The result is often chaos within collaboration. Frustrated questions like “What does this column name actually mean?” and “Why are the sales numbers on the dashboard wrong again?” bring speedy teams to a crawl when they need to use data.
These questions aren’t anything new. After all, Gartner has published its Magic Quadrant for Metadata Management Solutions for over 5 years now.
But there’s still no good solution. Most data catalogs are little more than band-aid solutions from the Hadoop era, rather than keeping in step with the innovation and advances behind today’s modern data stack.
The past and future of metadata management
Just like data, how we think about and work with metadata has steadily evolved over the past three decades. It can be broadly broken down into three stages of evolution: Data Catalog 1.0, Data Catalog 2.0, and Data Catalog 3.0.
Data Catalog 1.0: Metadata management for IT teams
Time: 1990s and 2000s
Products: Informatica, Talend
Metadata has technically been around since ancient times — e.g. descriptive tags attached to each scroll in the Library of Alexandria. However, the modern idea of metadata dates back to the late 1900s.
In the 1990s, we thankfully set aside floppy disks and embraced this newfangled tool called the internet. Soon enough, big data and data science were all the rage, and organizations were trying to figure out how to organize their new collections of data.
As data types and formats and, well, data itself exploded, IT teams were put in charge of creating an “inventory of data”. Companies like Informatica took an early lead in metadata management, but setting up and keeping on top of their new data catalogues was a constant struggle for IT folks.
Data warehouse teams often spend an enormous amount of time talking about, worrying about, and feeling guilty about metadata. Since most developers have a natural aversion to the development and orderly filing of documentation, metadata often gets cut from the project plan despite everyone’s acknowledgment that it is important.
Ralph Kimball, 2002
Data Catalog 2.0: Data inventory powered by data stewards
Time: 2010s
Products: Collibra, Alation
As data became more mainstream and spread beyond the IT team, the idea of Data Stewardship took root. This referred to a dedicated suite of people who were responsible for taking care of an organization’s data. They would handle metadata, maintain governance practices, manually document data, and so on.
Meanwhile, the idea of metadata shifted. As companies started setting up massive Hadoop implementations, they realized that a simple IT inventory of data wasn’t enough anymore.

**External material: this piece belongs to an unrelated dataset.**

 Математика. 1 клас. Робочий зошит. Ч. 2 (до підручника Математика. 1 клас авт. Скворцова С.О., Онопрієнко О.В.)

Instead, new data catalogs needed to blend data inventory with new business context.
Just like the uber-complex Hadoop systems of this era, Data Catalog 2.0s were difficult to set up and maintain. They involved rigid data governance committees, formal data stewards, complex technology set-ups, and lengthy implementation cycles. All in all, this process could take up to 18 months.

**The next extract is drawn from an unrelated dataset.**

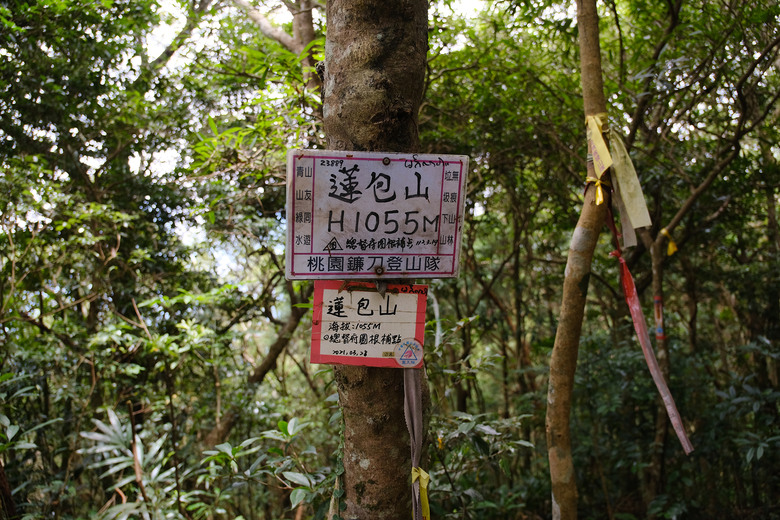 點我看大圖 【外鳥嘴山】蒐集台灣四座名為「鳥嘴山」的主要山峰| 蓮包山一日 O 型縱走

Tools in this era were built on fundamentally monolith architectures and deployed on-premise. Each data system would have its own installation, and companies couldn’t roll out software changes by pushing a simple cloud update.

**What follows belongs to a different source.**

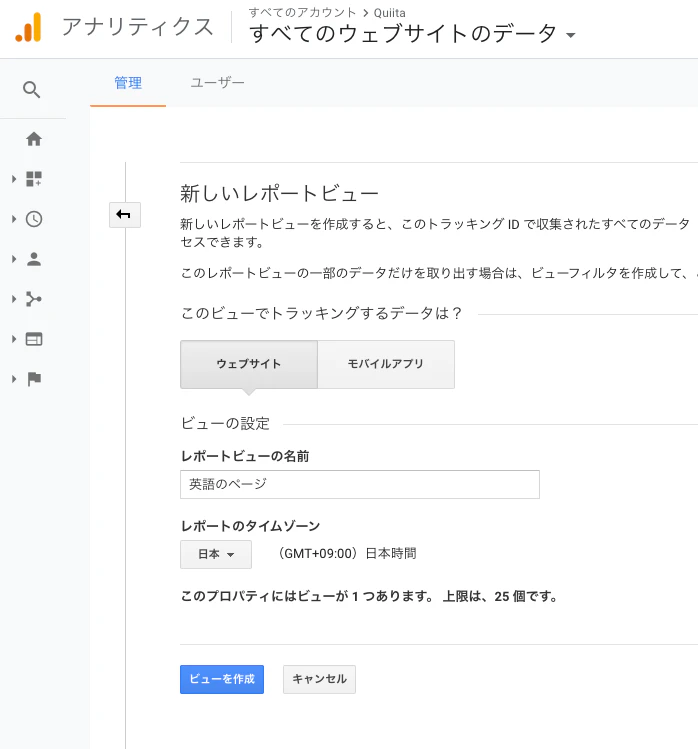 アナリティクス.png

Technical debt grew, and metadata management steadily started falling behind the rest of the modern data stack.
The need for a paradigm shift in metadata
While the rest of the data infrastructure stack has evolved in the past few years and tools like Fivetran and Snowflake let users set up a data warehouse in less than 30 minutes, data catalogs couldn’t keep up. Even trying out metadata tools from the Data Catalog 2.0 era involves significant engineering time for setup, not to mention at least 5 calls with a sales rep to get a demo.
Due to the lack of viable alternatives, the earliest adopters of the modern data stack and most large tech companies resorted to building their own in-house solutions. Some notable examples include Airbnb’s Dataportal, Facebook’s Nemo, LinkedIn’s DataHub, Lyft’s Amundsen, Netflix’s Metacat, and Uber’s Databook.
However, not all companies have the engineering resources to do this, and it’s not particularly efficient to build dozens of similar metadata tools.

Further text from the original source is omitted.